Called “The Possibility of Hope,” the documentary provided a riveting backdrop for discussion in “What’s Coming: Speculative Fiction and Climate Change,” one of the many compelling events held on Clark’s annual Climate Change Teach-in March 23.

Hosted by Walter Wright, professor of Philosophy, Betsy Huang, associate professor of English, and Stephanie Larrieux, assistant professor in Visual and Performing Arts, the session posited the question: In the face of massive changes to our planet, is there any hope that things will improve, or do we face a future where water, food and shelter are no longer basic human rights?

And, more to the point, what can speculative fiction (Cuarón’s movie was based on the novel of the same name by author P.D. James) tell us about a possible path forward for humanity?
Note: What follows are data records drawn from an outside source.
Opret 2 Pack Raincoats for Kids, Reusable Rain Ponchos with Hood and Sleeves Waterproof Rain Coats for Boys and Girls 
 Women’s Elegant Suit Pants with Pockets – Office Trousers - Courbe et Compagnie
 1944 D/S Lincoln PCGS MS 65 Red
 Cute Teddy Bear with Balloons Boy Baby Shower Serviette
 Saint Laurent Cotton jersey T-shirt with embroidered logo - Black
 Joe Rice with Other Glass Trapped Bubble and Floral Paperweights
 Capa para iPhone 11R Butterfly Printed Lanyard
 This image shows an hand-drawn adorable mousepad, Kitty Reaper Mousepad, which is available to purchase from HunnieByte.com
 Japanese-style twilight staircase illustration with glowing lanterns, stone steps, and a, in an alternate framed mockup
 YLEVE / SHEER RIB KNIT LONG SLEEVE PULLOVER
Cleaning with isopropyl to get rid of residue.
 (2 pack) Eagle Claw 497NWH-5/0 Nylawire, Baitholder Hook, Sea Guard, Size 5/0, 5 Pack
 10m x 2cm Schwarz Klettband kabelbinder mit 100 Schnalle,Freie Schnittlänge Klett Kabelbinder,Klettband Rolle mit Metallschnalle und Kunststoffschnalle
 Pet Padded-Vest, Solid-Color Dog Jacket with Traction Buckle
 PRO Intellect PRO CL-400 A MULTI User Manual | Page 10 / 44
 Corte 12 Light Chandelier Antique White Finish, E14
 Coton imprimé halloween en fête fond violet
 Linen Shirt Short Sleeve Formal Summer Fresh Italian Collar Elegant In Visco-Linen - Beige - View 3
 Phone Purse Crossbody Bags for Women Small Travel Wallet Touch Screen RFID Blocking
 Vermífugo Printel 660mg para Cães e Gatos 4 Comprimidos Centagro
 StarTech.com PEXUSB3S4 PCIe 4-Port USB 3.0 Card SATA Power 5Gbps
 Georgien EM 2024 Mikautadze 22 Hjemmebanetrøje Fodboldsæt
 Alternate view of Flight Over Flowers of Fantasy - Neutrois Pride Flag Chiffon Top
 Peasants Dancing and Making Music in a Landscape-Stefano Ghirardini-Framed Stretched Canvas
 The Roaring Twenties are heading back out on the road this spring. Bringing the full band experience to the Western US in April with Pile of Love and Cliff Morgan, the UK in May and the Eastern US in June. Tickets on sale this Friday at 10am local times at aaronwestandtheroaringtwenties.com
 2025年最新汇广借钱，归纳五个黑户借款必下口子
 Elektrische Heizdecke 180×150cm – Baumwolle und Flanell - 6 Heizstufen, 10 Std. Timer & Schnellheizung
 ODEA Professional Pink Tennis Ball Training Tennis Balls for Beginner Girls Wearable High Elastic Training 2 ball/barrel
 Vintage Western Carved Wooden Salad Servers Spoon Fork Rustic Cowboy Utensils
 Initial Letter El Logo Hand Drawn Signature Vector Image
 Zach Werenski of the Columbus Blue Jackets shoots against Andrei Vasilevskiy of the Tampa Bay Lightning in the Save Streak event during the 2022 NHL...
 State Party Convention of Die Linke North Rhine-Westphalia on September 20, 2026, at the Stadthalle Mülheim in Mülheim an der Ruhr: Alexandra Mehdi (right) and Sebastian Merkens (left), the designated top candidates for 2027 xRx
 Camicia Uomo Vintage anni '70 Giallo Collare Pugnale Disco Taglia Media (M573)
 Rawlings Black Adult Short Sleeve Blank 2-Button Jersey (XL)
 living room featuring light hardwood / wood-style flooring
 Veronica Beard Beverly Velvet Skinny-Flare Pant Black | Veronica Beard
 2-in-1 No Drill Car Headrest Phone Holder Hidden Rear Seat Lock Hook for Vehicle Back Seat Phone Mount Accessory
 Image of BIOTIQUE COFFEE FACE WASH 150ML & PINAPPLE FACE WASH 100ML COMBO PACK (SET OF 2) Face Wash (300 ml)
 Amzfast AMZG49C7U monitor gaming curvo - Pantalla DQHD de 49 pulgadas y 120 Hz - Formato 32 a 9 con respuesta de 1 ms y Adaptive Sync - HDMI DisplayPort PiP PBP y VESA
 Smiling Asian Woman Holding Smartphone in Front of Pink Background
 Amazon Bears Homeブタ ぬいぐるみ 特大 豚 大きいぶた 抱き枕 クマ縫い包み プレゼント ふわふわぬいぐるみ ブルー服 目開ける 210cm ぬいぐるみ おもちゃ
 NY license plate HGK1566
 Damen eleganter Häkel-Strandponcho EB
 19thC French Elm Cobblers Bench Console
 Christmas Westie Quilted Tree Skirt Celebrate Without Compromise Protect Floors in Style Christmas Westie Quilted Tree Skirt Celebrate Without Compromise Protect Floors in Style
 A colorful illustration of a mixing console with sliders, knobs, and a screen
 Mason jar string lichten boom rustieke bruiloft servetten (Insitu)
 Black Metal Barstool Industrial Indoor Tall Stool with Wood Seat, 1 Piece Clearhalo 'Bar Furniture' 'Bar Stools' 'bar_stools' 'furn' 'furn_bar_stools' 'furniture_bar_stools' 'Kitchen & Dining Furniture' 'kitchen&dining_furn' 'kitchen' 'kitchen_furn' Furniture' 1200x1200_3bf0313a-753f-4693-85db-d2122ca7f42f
“[Speculative fiction] gives me hope,” said Larrieux. “The fact that you can imagine a [different] future means you can envision a variety of futures.

Huang, meanwhile, wondered if people could become overwhelmed by the possibilities laid out in these types of stories.

“The way [speculative fiction] compels us to think about what might happen could mobilize us, but it could also paralyze us,” she said. “When you see so many things coming at you, how do you survive?”

Attendees also shared their thoughts, which touched on such things as politics, humanity, migration, mobilization, tribalism, walls and borders.

In the end, Wright summed up the conversation in this way: “These books envisage futures and play out alternatives so we can reflect on that and act. They give us a chance to begin to live now the way we want to live in the future.”